Resulullah -sallallahu aleyhi ve sellem- Efendimiz bu hususta Hadis-i şerif’lerinde buyururlar ki:
“Benim Allah ile öyle vaktim olur ki, oraya ne yakın bir melek sızabilir, ne nebi ne de resul sokulabilir.” (K. Hafâ)
Ne melek girebilir, ne de şeytan girebilir, hiçbir şey giremez.
Şimdi mevzu açığa çıktı, burası öyle bir yer, öyle bir makamdır. Size bahsedilen bu ilim de o makamdır, o makamın ilmidir. Onun ilmini, onun âşinâlığını size söylüyorum.
Seyyid-i Kâinat Sebeb-i Mevcûdat -sallallahu aleyhi ve sellem- Efendimiz’in hayat boyunca yaptığı bir duâları şöyledir:
“Ey Allah’ım! Beni bağışla, bana acı, en yüce arkadaşa kavuştur.” (Buhârî. Tecrîd-i sarîh: 1665)
Onun arkadaşı O idi ve ahirete intikal ederken de son kelâmı bu idi.
Hayat boyunca Allah-u Teâlâ ile arkadaşlık yaptı ve en çok sevdiği arkadaşına kavuştu.
Bir kişi o kişiyi görecek ki arkadaş olsun. Görülmeyen bir kişi arkadaş olamaz. Görecek ve bilecek ki O’nunla olacak.
O’nunla arkadaşlık ne demek? O içeride olup onu idare eder, sen O’nu göremezsin.
Farz-ı muhal ki bir tulum var, tulumu O idare ediyor. Herkes tulumu görüyor, içeride tasarruf edeni görmüyor.
Görünmeyen, bilinmeyen bir kişiyle arkadaşlık olmaz. Göreceksin, bileceksin, tanıyacaksın ki sana arkadaşlık yapsın. O sana duyuracak, O sana duyurmadıkça duyamazsın. Bu “Hakk’al-yakin” bir ilimdir, diğerleri ise “Ayn’el-yakin”dir.

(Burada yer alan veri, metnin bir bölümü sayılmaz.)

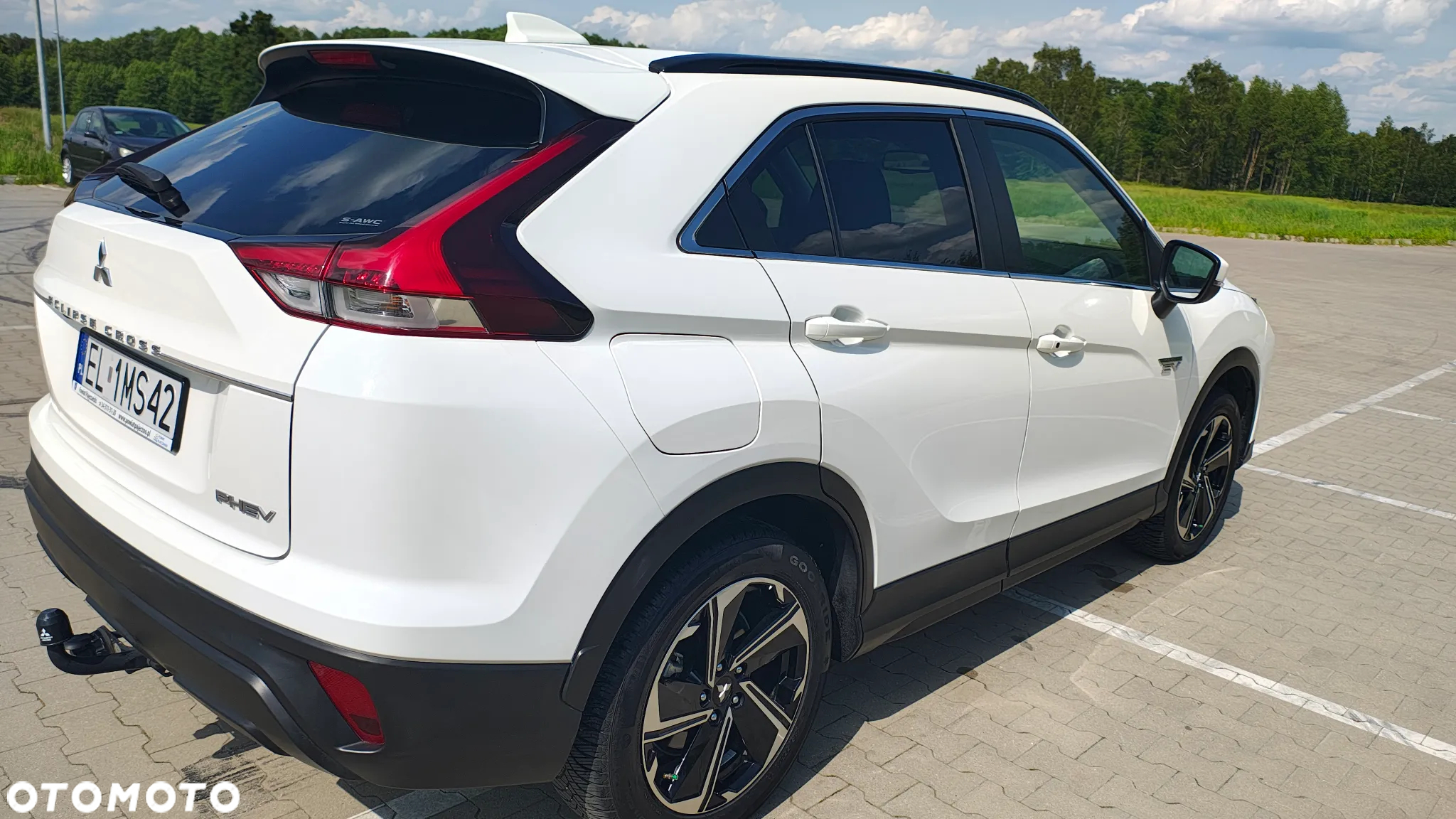 Mitsubishi Eclipse Cross 2.4 PHEV Instyle Plus - 12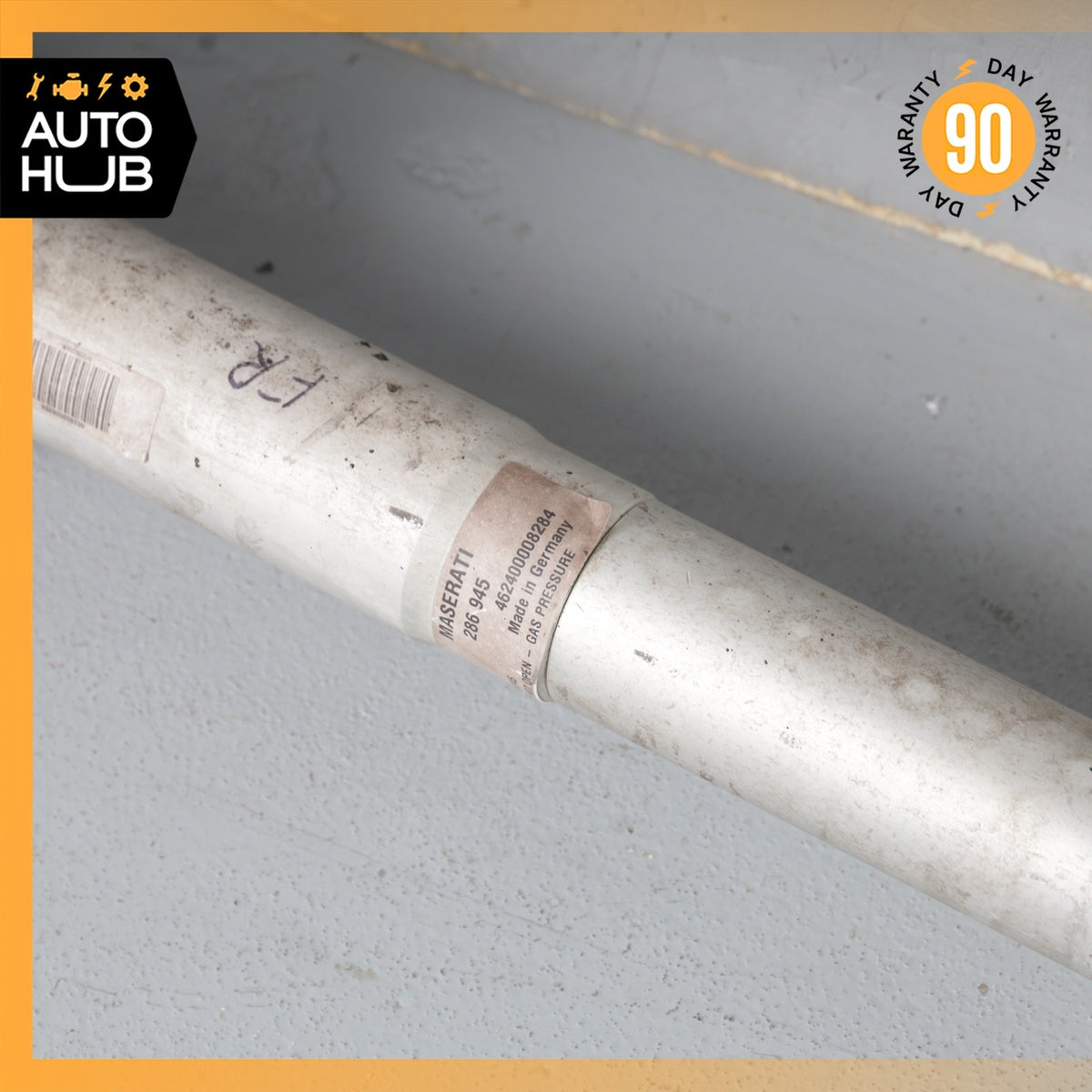13-18 Maserati GranTurismo M145 Coupe Front Side Shock Strut Absorber 286945 OEM - photo 11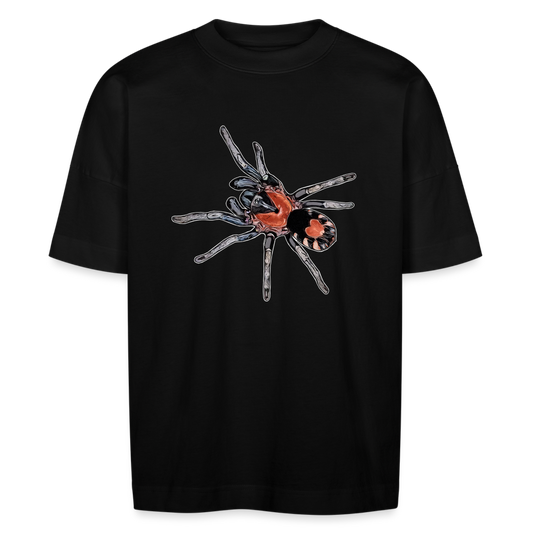 Unisex Stanley & Stella Oversize Bio-T-Shirt Cyriocosmus elegans - Schwarz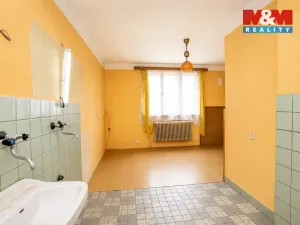 Prodej rodinného domu, Protivín, Nad Rybníkem, 180 m2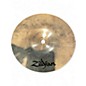 Used Zildjian 8in A Custom Cymbal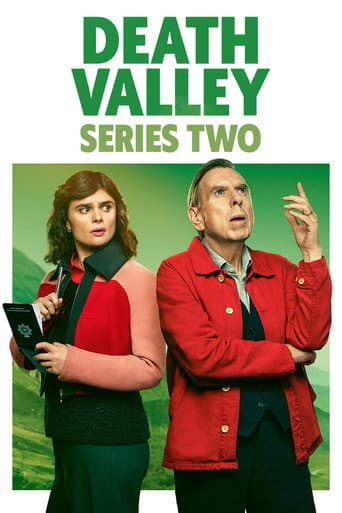 Death Valley Season 2 poster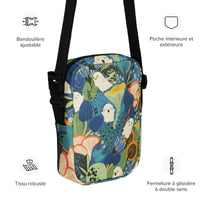 Sac à bandoulière fonctionnel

Sen maskeden ibaretsin. O sana kendini duyuracak, O sana kendini gösterecek ve bildirecek ki bilmiş ve görmüş olasın. Hep O, hep O’ndan... Maskenin ne hükmü var, bir kağıt parçası. Senin kağıt parçasından ne farkın var? Senin masken etten, onu da halkeden O...
Hallac-ı Mansur -kuddise sırruh Hazretleri Hâtem’ül-evliyâ olan zâta işaret ederek şöyle söylemiştir:
“Allah kullarından bir kulu en büyük dostu yapmayı dilediği vakit; ona zikir kapısını açar, yakınlık kapısını ona aralar, onu Tevhid kürsüsünün üzerinde oturtur, sonra da ondan perdeyi kaldırarak, müşâhade yolu ile ona ‘ferdâniyyet’ i gösterir. O ‘ferdâniyyet’; yani ‘teklik’ evine girer, O’nun kibriyâ ve cemâlini keşfeder... Fâni olan (bu) kul, o an Hakk ile bâkî olur. Sübhan olan Allah’ın himâyesinde o, nefsin dâvâlarından uzak olur.” (Kitâbü’t-Temhîdât, sh. 68)

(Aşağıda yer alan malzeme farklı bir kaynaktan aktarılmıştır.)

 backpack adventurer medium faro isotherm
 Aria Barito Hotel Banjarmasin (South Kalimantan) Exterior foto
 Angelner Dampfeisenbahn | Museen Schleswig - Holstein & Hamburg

Bunun sırrını size arzedelim: Farz-ı muhal ki senin en yakın bir dostun var. Fakat Allah-u Teâlâ’dan daha yakın bir dost olamaz. Vallahi olmaz. O’nu bulan dostu neyler? Dost olarak O yeter.
Allah muhabbeti öyle bir muhabettir!
Allah-u Teâlâ ona bin tane can verse, bin tane de cânan verse, o Allah-u Teâlâ’yı tercih eder, bin canından da bin cânanından da vazgeçer. Görülmeyen Allah’a bu yapılmaz. Has odanın sırları buna derler işte.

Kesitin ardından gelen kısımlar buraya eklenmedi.